The posture adopted on a modern toilet significantly influences the efficiency of bowel movements. While sitting on a pedestal toilet is common, this position can impede the body’s natural elimination process. Achieving a better posture is directly related to more complete and comfortable evacuation, contributing to overall digestive and pelvic health. Understanding the underlying anatomy and making small adjustments can transform this daily habit.

Understanding the Anorectal Angle

The body maintains fecal continence using the puborectalis muscle, a U-shaped muscle that wraps around the rectum. This muscle functions like a sling, creating a sharp bend known as the anorectal angle. In a standard seated position, this angle is typically close to 90 degrees, which is effective for continence.

This acute angle is counterproductive when attempting a bowel movement. For stool to pass easily, the puborectalis muscle must relax, and the anorectal angle needs to straighten out. When the angle becomes wider, the path for elimination becomes direct and unobstructed.

The optimal angle for smooth evacuation is approximately 35 degrees, achieved naturally in a full squatting position. A standard toilet positions the hips and knees at roughly 90 degrees, failing to fully relax the puborectalis muscle. This anatomical reality explains why many people find themselves straining while sitting.

Achieving the Optimal Posture

The goal is to simulate the natural squatting position, which involves elevating the knees above the hips while using a modern toilet. This is accomplished using a small, stable footstool or a purpose-built toilet stool placed in front of the toilet. The stool height should raise the knees higher than the hips, helping to relax the puborectalis muscle and widen the anorectal angle.

Once the knees are elevated, lean the torso forward slightly. You can rest your elbows on your knees for stability and to help maintain the forward incline. This slight forward lean further promotes the straightening of the rectal canal, aligning it for efficient passage.

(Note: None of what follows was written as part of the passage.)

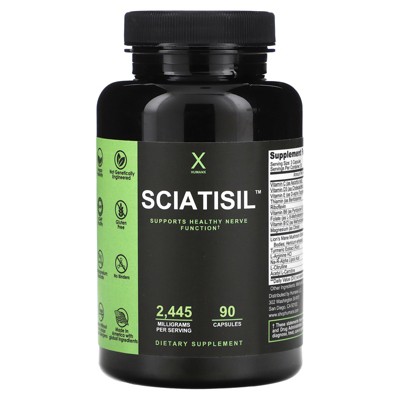 Humanx Sciatisil, 90 Capsules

The entire process should focus on relaxation rather than effort. The abdomen should be relaxed, and any push should be a gentle, internal pressure, not a forced strain. The combination of elevated knees and a forward torso allows gravity to assist, minimizing the need for straining and promoting a more complete emptying.

Harmful Habits to Avoid

Prolonged sitting on the toilet can undermine even the best posture, increasing the risk of health issues. Sitting for an extended time, particularly over five to ten minutes, causes blood to pool in the veins of the lower rectum and anus due to gravity and the pressure of the toilet seat. This increased pressure is a major contributing factor in the development of hemorrhoids, which are swollen, painful veins in this area.

Another common mistake is excessive straining, often referred to as the Valsalva maneuver. Forcing a bowel movement by holding the breath and bearing down creates significant pressure within the abdomen and the lower rectum. This pressure can weaken pelvic floor muscles over time. If a bowel movement does not occur easily within a few minutes, it is best to get up and try again later.

Using a smartphone or other distractions while on the toilet encourages prolonged sitting. Experts recommend keeping toilet time brief, ideally under five minutes, to reduce unnecessary pressure on the pelvic structures. Avoiding distractions ensures focus and prompt departure after a successful bowel movement.